§ **Material provided**
-- Opening Marker --
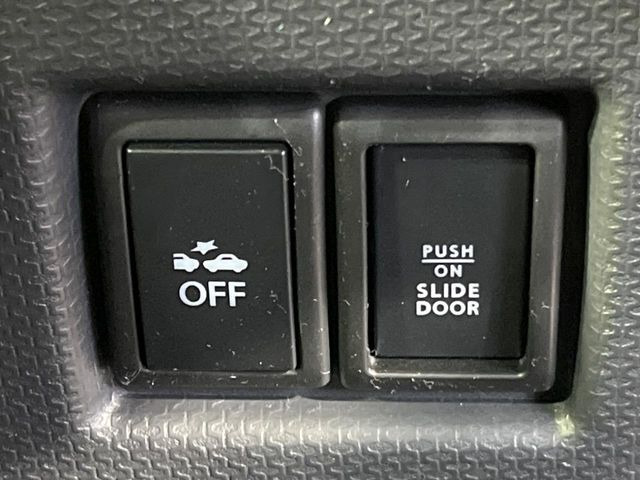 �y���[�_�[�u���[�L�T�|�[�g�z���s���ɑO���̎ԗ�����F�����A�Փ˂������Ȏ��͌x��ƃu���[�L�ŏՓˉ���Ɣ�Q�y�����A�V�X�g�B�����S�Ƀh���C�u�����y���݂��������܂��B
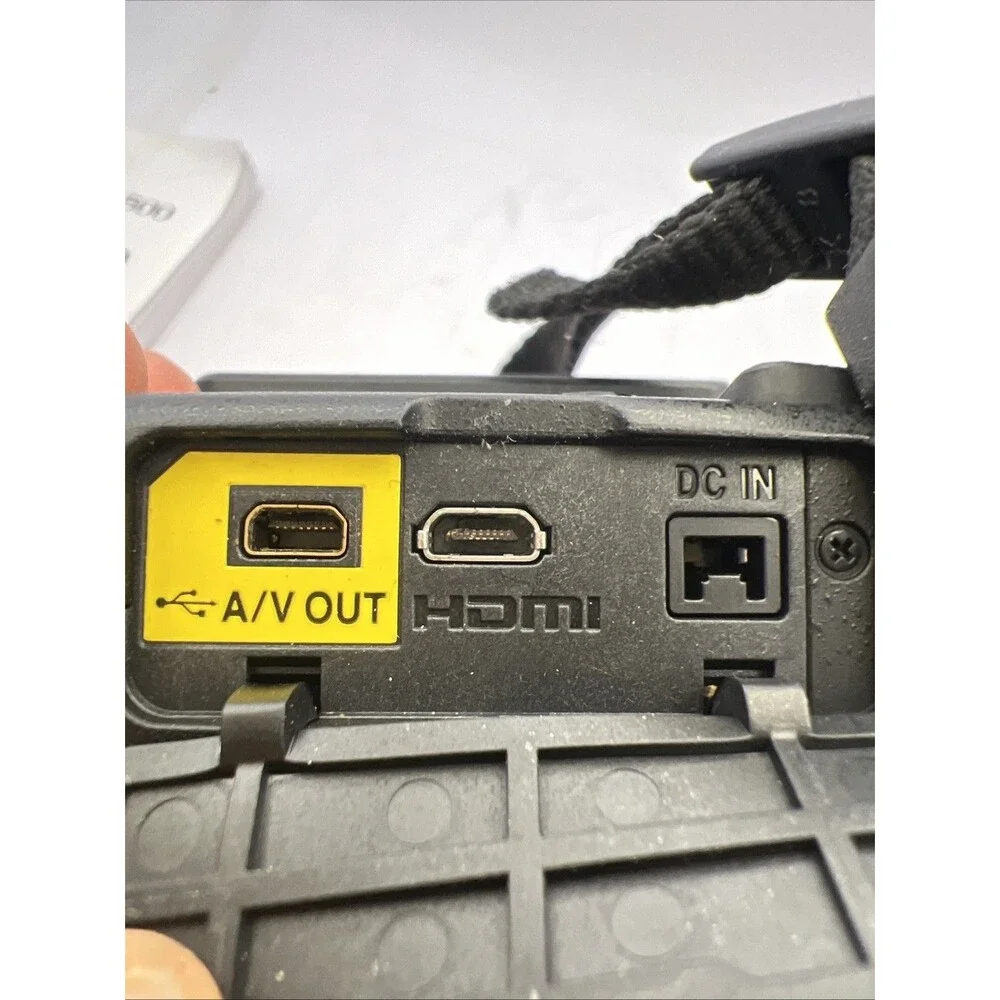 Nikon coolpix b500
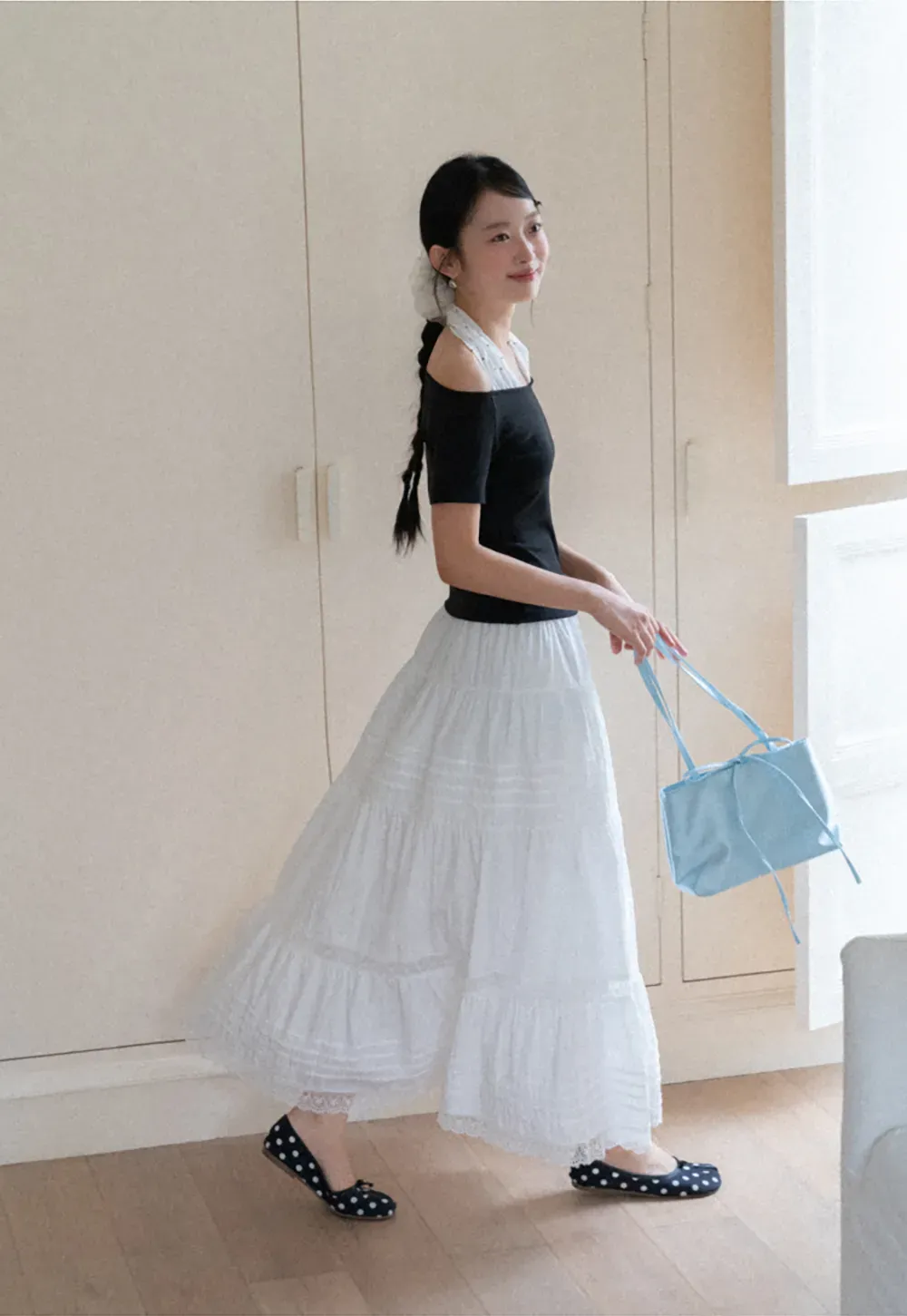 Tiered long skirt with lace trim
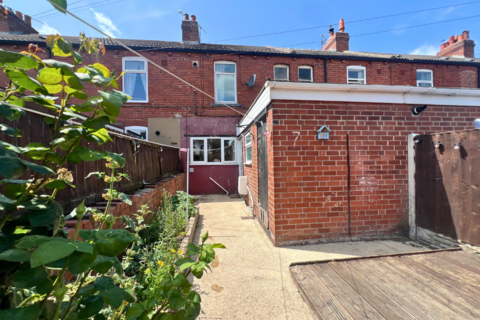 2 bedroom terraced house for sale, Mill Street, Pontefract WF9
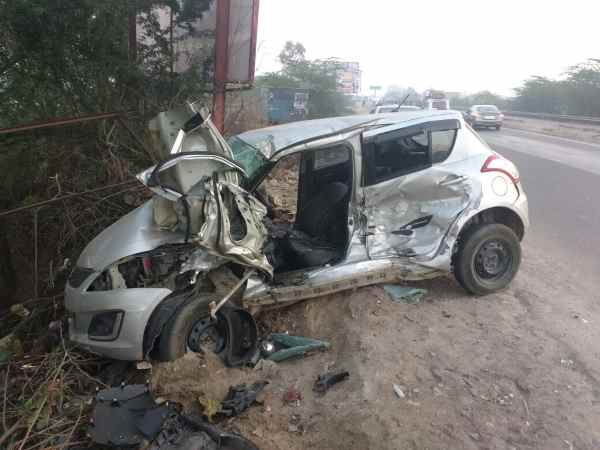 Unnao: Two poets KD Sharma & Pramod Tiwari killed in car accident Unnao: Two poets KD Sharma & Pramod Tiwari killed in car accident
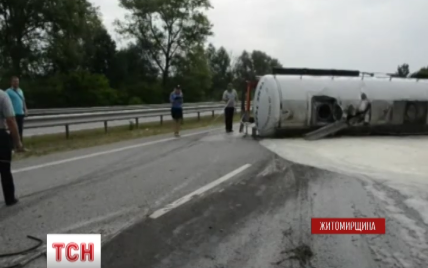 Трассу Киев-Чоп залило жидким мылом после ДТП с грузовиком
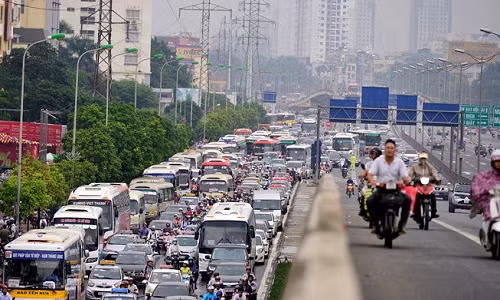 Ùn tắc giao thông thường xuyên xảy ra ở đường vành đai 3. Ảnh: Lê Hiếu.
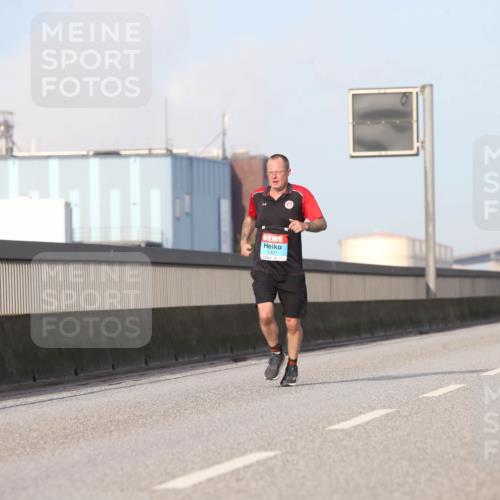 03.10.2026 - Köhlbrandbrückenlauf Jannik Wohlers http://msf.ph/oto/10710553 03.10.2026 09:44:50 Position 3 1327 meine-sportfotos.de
-- Closing Marker --
-- Opening Marker --
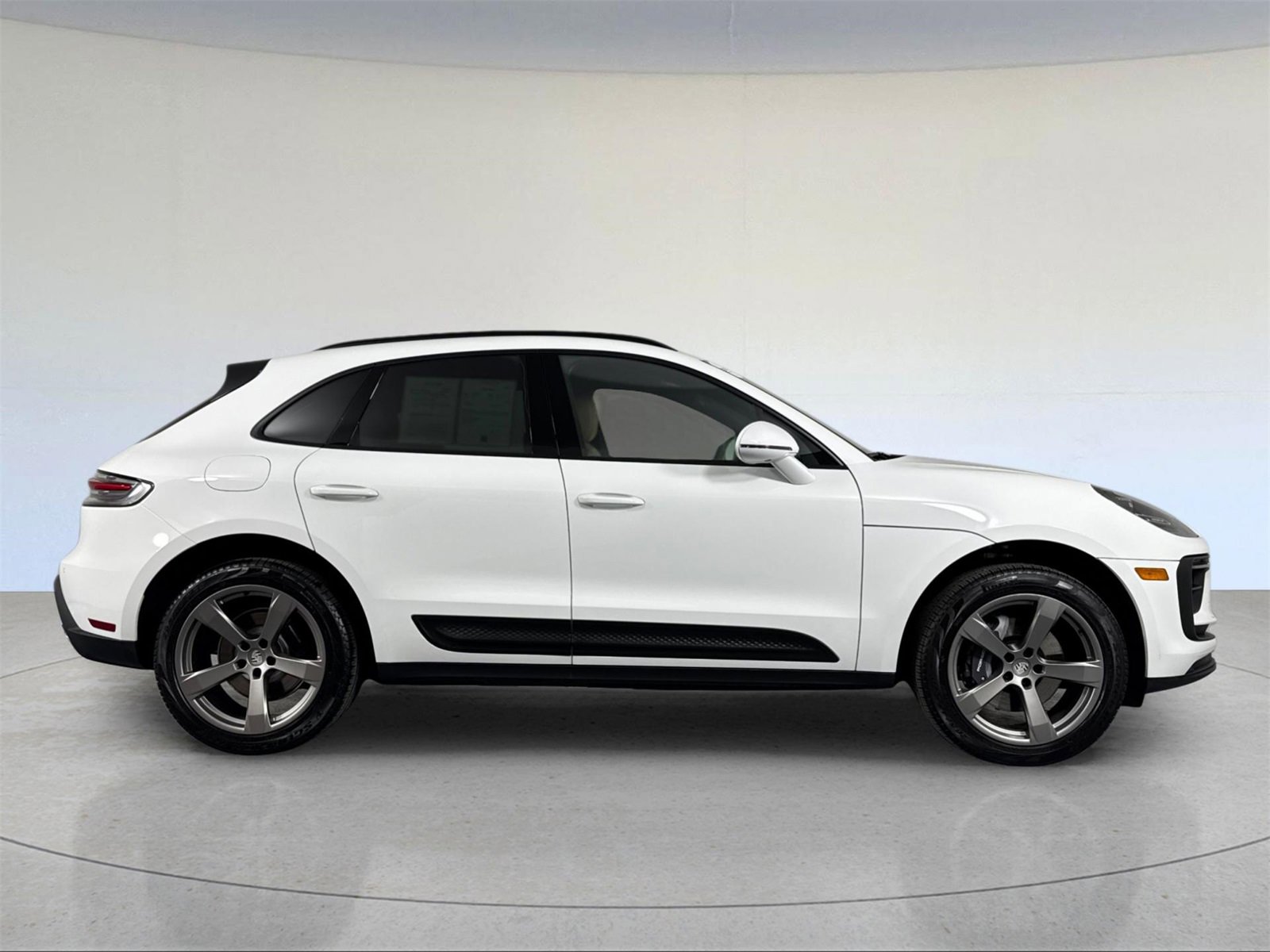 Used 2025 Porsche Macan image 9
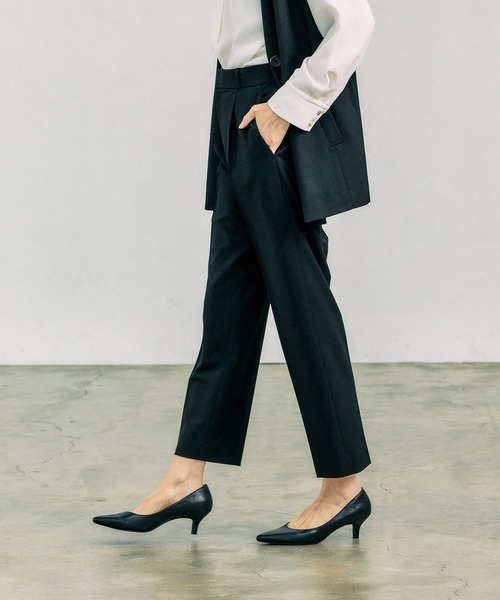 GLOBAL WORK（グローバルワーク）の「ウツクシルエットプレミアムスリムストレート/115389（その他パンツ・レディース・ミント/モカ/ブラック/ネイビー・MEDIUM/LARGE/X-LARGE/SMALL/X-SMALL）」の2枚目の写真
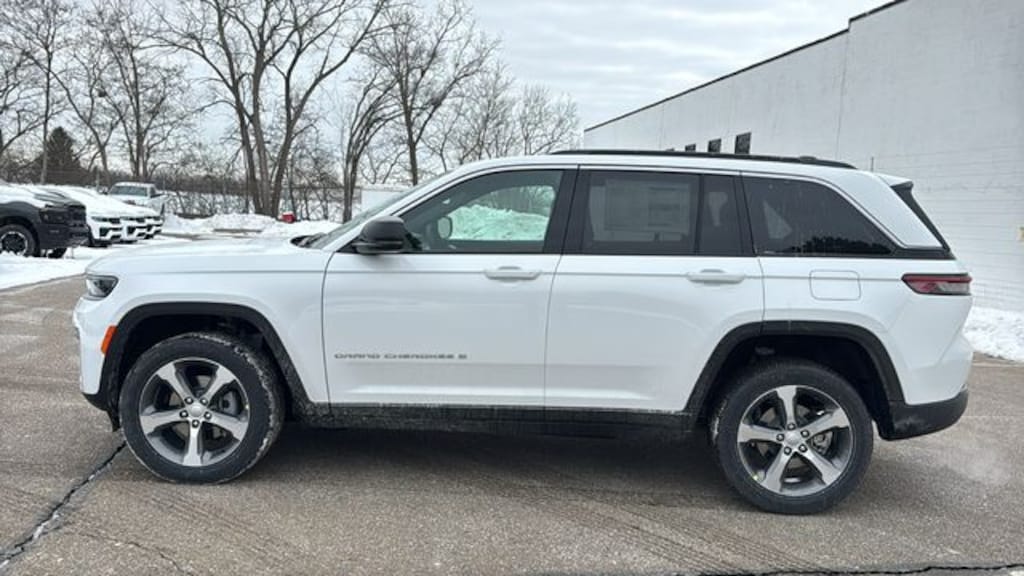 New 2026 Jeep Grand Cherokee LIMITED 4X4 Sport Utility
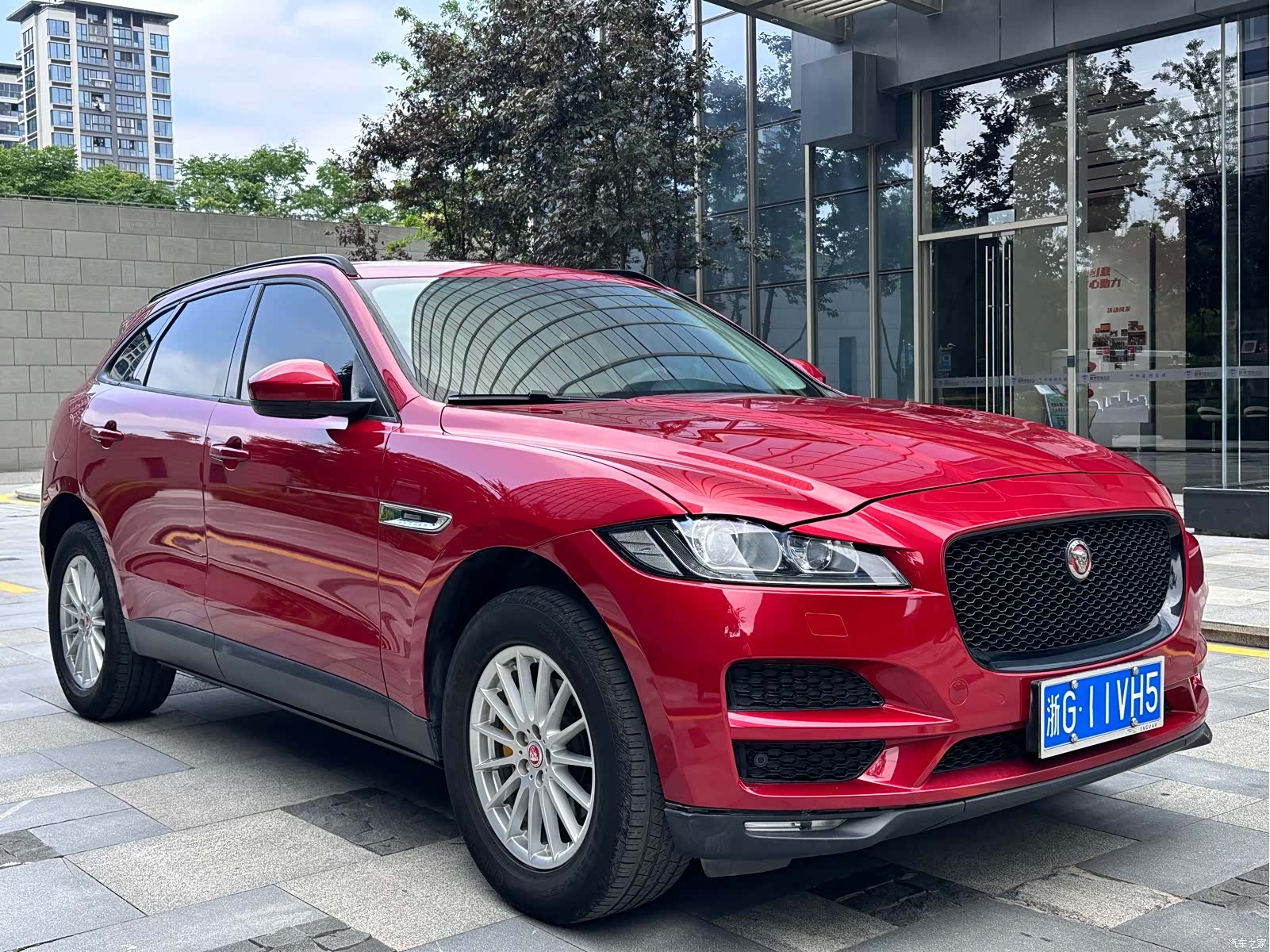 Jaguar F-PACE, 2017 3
-- Closing Marker --
-- Opening Marker --
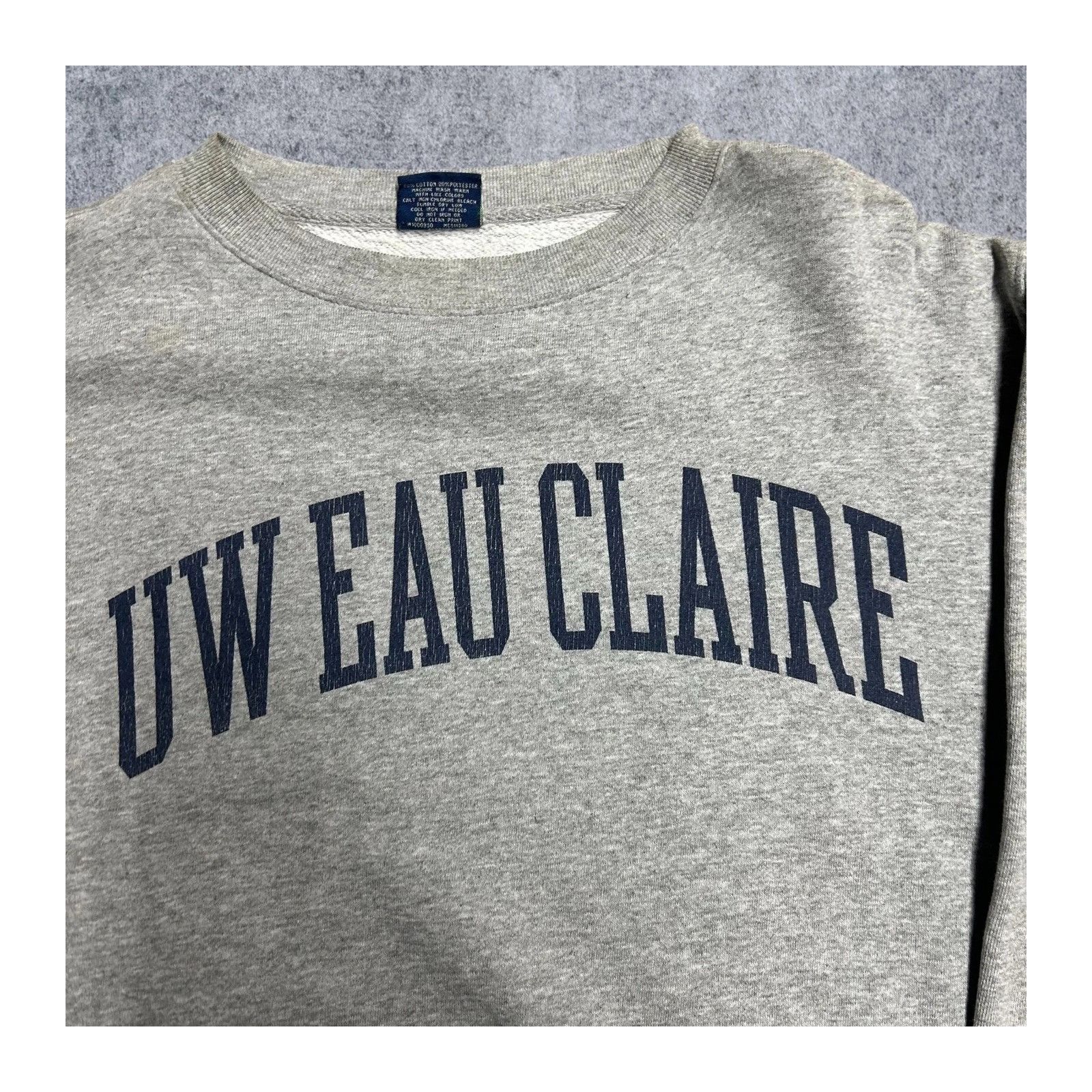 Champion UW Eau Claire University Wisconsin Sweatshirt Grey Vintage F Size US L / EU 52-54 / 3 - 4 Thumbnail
-- Closing Marker --
§ **Prompt**
Return, exactly as they stand, the lines above from the one with "GLOBAL WORK（グロ" to the one with "Jaguar F-PACE, 2017 3", omitting any pictures among them.

§ **Answer for this exercise**
 GLOBAL WORK（グローバルワーク）の「ウツクシルエットプレミアムスリムストレート/115389（その他パンツ・レディース・ミント/モカ/ブラック/ネイビー・MEDIUM/LARGE/X-LARGE/SMALL/X-SMALL）」の2枚目の写真
 New 2026 Jeep Grand Cherokee LIMITED 4X4 Sport Utility
 Jaguar F-PACE, 2017 3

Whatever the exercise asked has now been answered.